About this exercise: Each and every line below goes into your answer unchanged, but leave out the images.

++++ Given records ++++

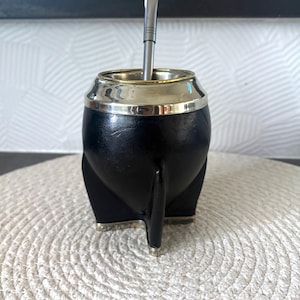 Può includere: Un contenitore per mate nero con un corpo liscio e arrotondato e tre piedi appuntiti alla base. Il bordo superiore è rifinito con una fascia in metallo color argento lucido e una lunga e sottile cannuccia bombilla in metallo è inserita al centro.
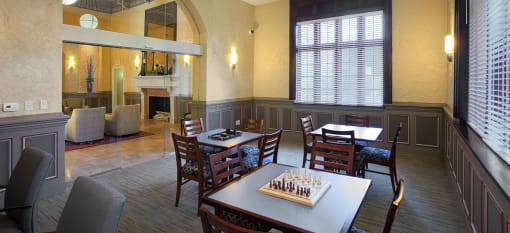 Valentine Apartments clubhouse with tables and chairs and a chess board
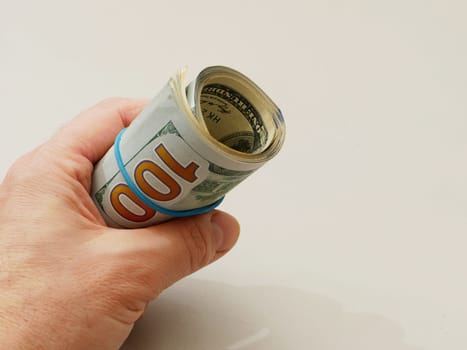 Hand holding a roll of hundred dollar bills with a blue rubber band on a white background.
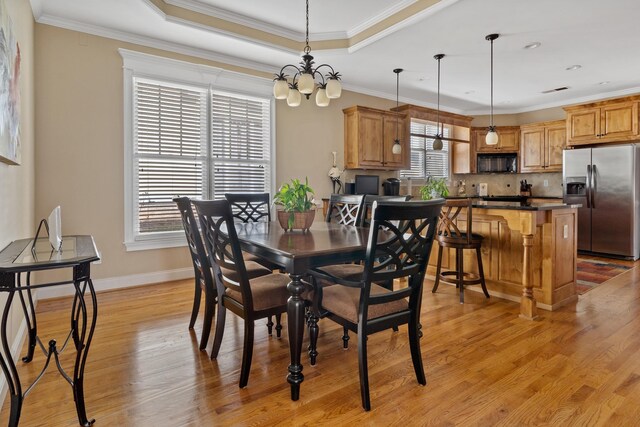 dining space featuring a raised ceiling, ornamental molding, and light hardwood / wood-style flooring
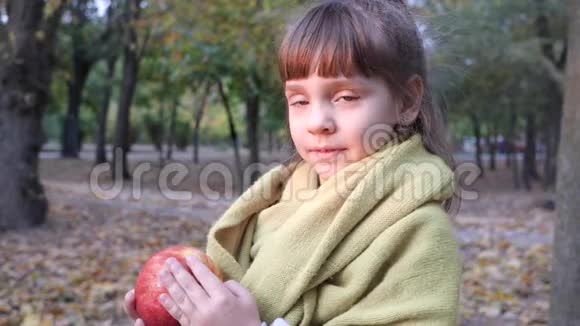 秋园露天吃大红苹果的帅气小女孩视频的预览图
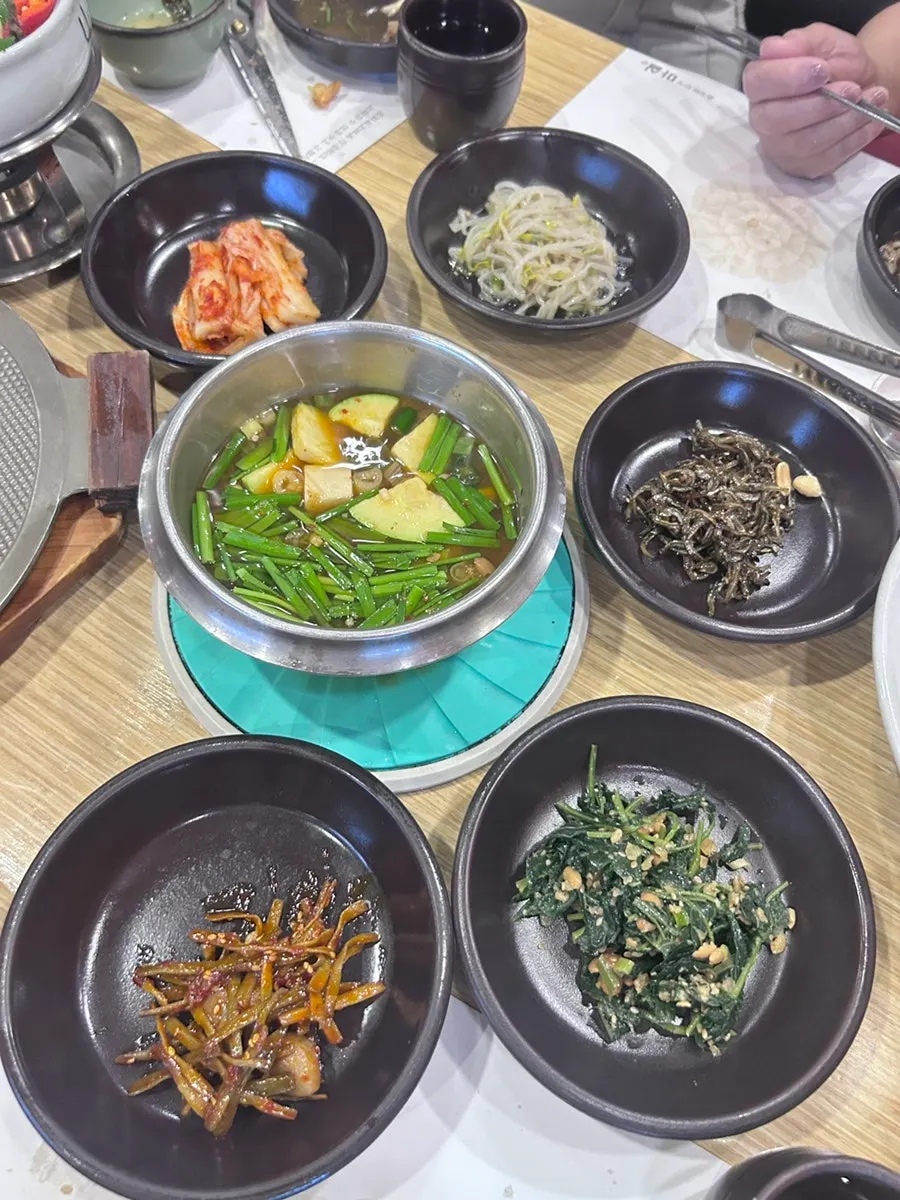 Tteokgalbi and onions on a tabletop induction burner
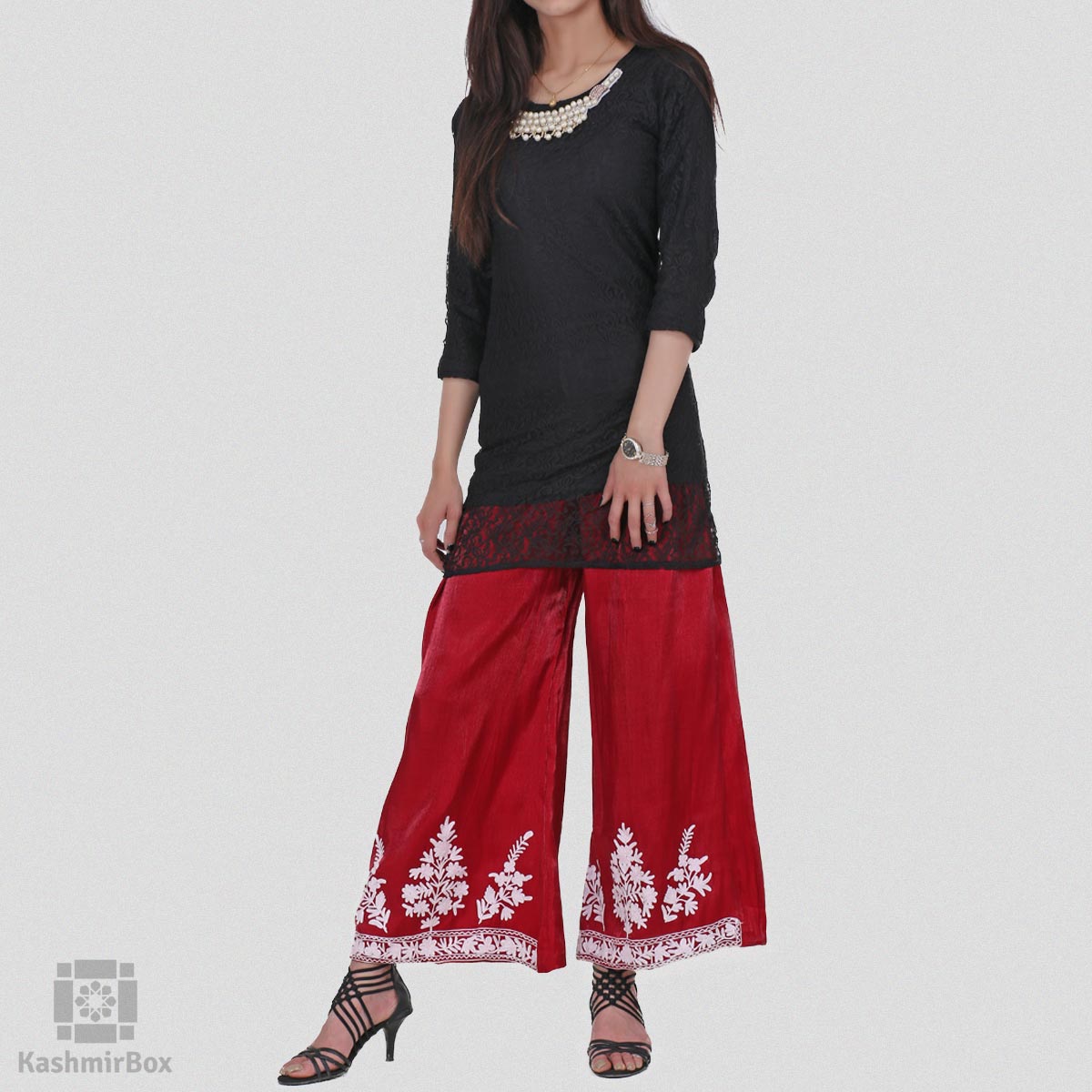 Cotton silk handkerchief hemline top detailed with attached tassels along  with flared dhoti pants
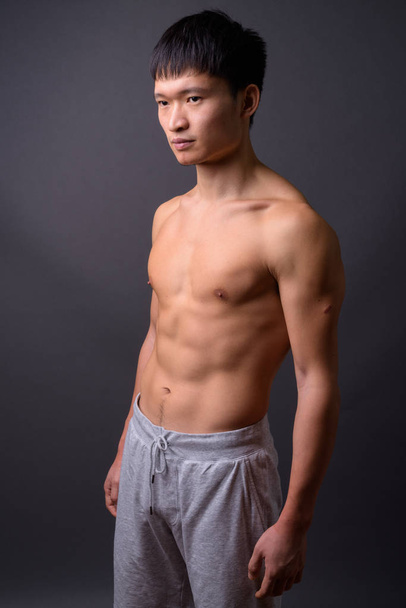 Jonge shirtloze Chinese man tegen grijze achtergrond - Foto, afbeelding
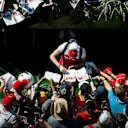 RED BULL RING, AUSTRIA - JUNE 29: Antonio Giovinazzi, Alfa Romeo Racing signs a autograph for a fan during the Austrian GP at Red Bull Ring on June 29, 2019 in Red Bull Ring, Austria. (Photo by Zak Mauger / LAT Images)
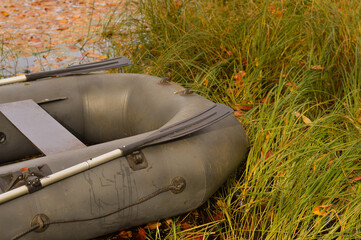 Close-up of an inflatable rubber boat standing on the shore of a swampy pond among autumn fallen leaves and grass, the concept of active recreation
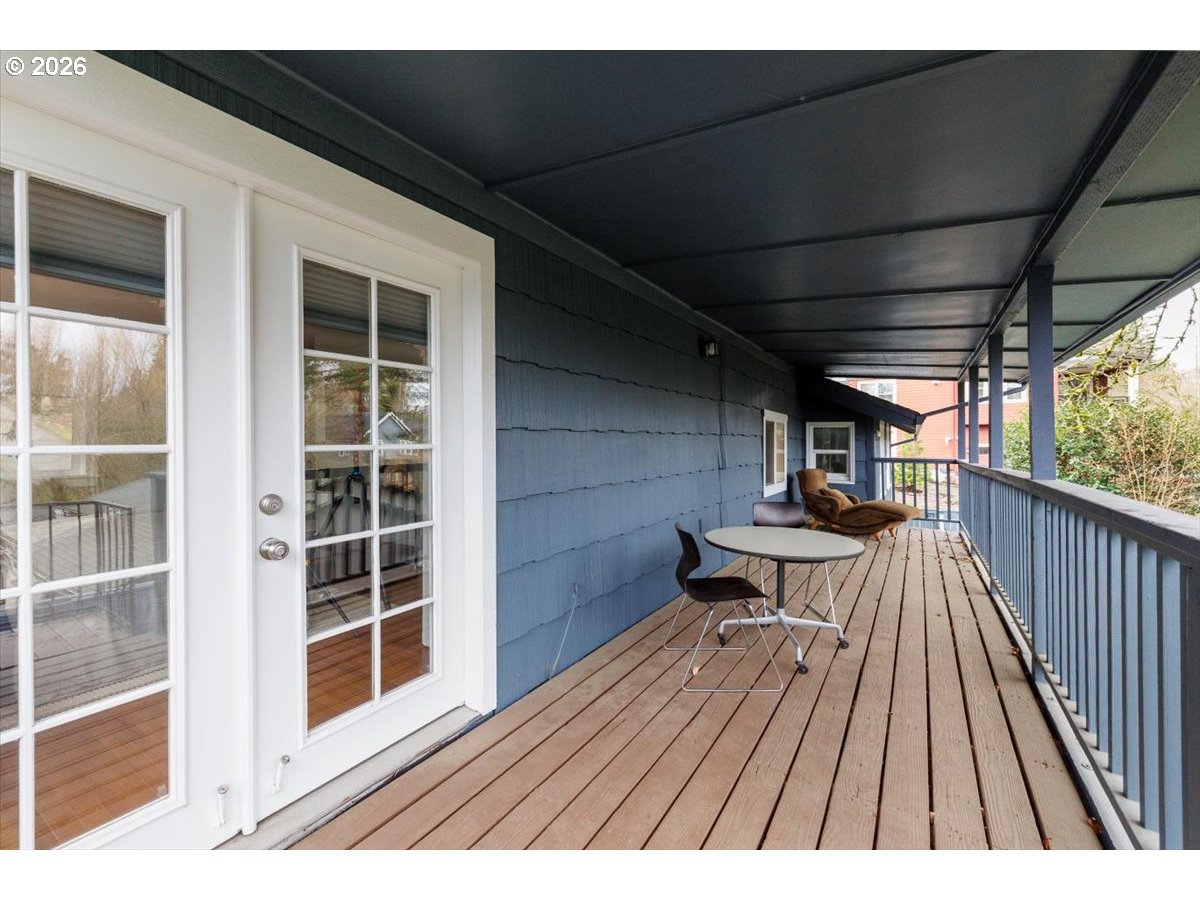 3827 Southwest Dolph Court Portland, OR 97219 - Photo 11 of 48 a view of balcony with wooden floor and seating space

++++

Response to this task:
 Può includere: Un contenitore per mate nero con un corpo liscio e arrotondato e tre piedi appuntiti alla base. Il bordo superiore è rifinito con una fascia in metallo color argento lucido e una lunga e sottile cannuccia bombilla in metallo è inserita al centro.
 Valentine Apartments clubhouse with tables and chairs and a chess board
 Hand holding a roll of hundred dollar bills with a blue rubber band on a white background.
 dining space featuring a raised ceiling, ornamental molding, and light hardwood / wood-style flooring
 秋园露天吃大红苹果的帅气小女孩视频的预览图
 Tteokgalbi and onions on a tabletop induction burner
 Cotton silk handkerchief hemline top detailed with attached tassels along  with flared dhoti pants
 Jonge shirtloze Chinese man tegen grijze achtergrond - Foto, afbeelding
 RED BULL RING, AUSTRIA - JUNE 29: Antonio Giovinazzi, Alfa Romeo Racing signs a autograph for a fan during the Austrian GP at Red Bull Ring on June 29, 2019 in Red Bull Ring, Austria. (Photo by Zak Mauger / LAT Images)
 Close-up of an inflatable rubber boat standing on the shore of a swampy pond among autumn fallen leaves and grass, the concept of active recreation
 3827 Southwest Dolph Court Portland, OR 97219 - Photo 11 of 48 a view of balcony with wooden floor and seating space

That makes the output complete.